Saturday, 28 July 2007

Shambo, and hundreds more.

"The next day there was no dawn chorus"

Shambo hit the headlines.He seemed to symbolize something very dysfunctional with the way DEFRA manages crisis in farming.On the radio this morning a farmer related his experience; he lost hundreds of cattle when they were slaughtered by DEFRA in the last foot and mouth outbreak. He described how his cattle were left in a huge pile,after the slaughter, waiting to be disposed of. DEFRA informed him that the carcasses might have to be left there for a week, in his field. The farmer and his family were expected to live for a week with the piled carcasses of the animals they had cared for, lying nearby. He rightly described this as 'not decent', and described DEFRA as incompetent.
These animals were ,like us, capable of feeling pain, and fear. They were treated as lumps of meat even whilst they were alive, in a country which is supposed to be civilized.
The farmer described how the next day there was "no dawn chorus, everything was totally silent.....there were no birds....the birds disappeared....for weeks"

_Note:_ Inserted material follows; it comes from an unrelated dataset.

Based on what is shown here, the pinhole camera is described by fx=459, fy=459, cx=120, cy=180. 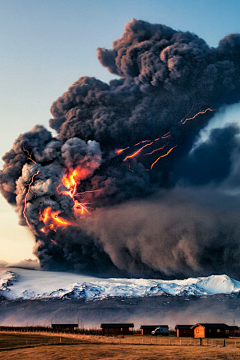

The return to smaller farms,or farms where acres are divided into smaller units to incorporate more diversity, where animal husbandry, ecology and environmental issues are easier to manage, would provide a sustainable way forward. A system that regularly expects hundreds of animals to be slaughtered because of disease is a brutal and in the end brutalising system,which requires people to shut out of their minds the reality behind the packaged food we buy at the supermarket.